Semakin tinggi kandungan RON suatu bahan bakar minyak, makin rendah emisi gas buangnya dan semakin rendah kadar RON-nya, makin buruk dampaknya terhadap lingkungan serta kesehatan manusia tentunya.
Ini memang fenomena tragis! Manakala di seluruh dunia levelnya sudah kampanye penggunaan bahan bakar standar Euro 3 (RON di atas 92), eh di Indonesia masih terkungkung dengan penggunaan bahan bakar RON 88 (premium) yang masih di bawah standar Euro 2. Bandingkan dengan negeri jiran Malaysia.
Di sana RON terendah untuk kendaraan bermotor adalah RON 95, sejenis pertamax turbo ala PT Pertamina.
Namun di sisi lain, tiga tahun belakangan ini, ada fenomena perubahan perilaku masyarakat, yakni migrasi dari pengguna bahan bakar RON 88 menjadi pengguna bahan bakar dengan RON 92.
Atau minimal bahan bakar dengan RON 90, pertalite.
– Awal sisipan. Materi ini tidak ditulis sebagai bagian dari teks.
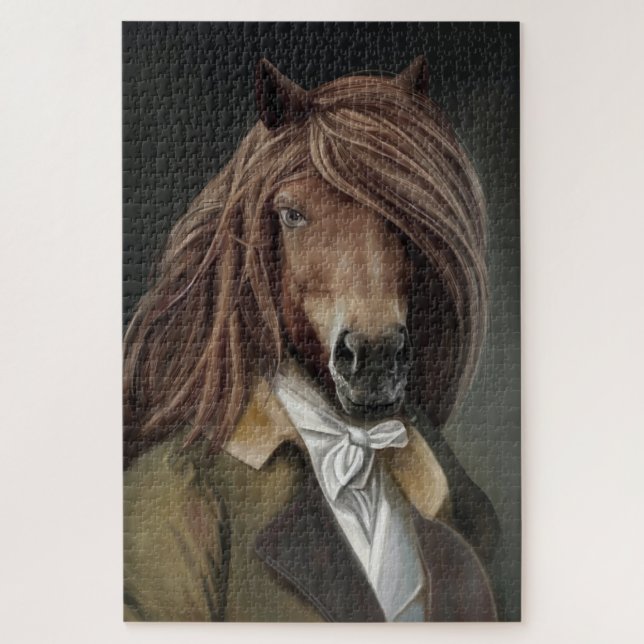 Puzzle Bestias nobles - Caballo Dandy (Vertical)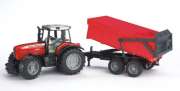 Massey Ferguson 7480 s přívěsem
Terbukti, terhitung sejak Juli 2017, pemakaian bensin premium hanya sekitar 41%.
Padahal pada tahun sebelumnya konsumsi premium mencapai 79%. Adapun jenis pertalite mencapai 40% dan pertamax 17%. Pengguna sepeda motor pun lebih pede menggunakan pertamax daripada premium.
Kenapa Terjadi?
Boleh jadi tumbuh kesadaran (awareness) baru dari konsumen bahwa kualitas bahan bakar akan berpengaruh signifikan terhadap kinerja mesin kendaraan, bahkan kesehatan mesin dalam jangka panjang.
Semakin tinggi kadar RON-nya, tarikan kendaraan semakin bertenaga, semakin maknyus. Sebaliknya, bahan bakar dengan kadar RON rendah (seperti premium) membuat kinerja mesin kendaraan lesu darah dan cepat rusak pula.Â
Namun alasan yang paling sahih mengapa terjadi migrasi pengguna bahan bakar, lebih karena faktor harga. Disparitas harga antara jenis premium dengan nonpremium semakin kecil, tidak signifikan.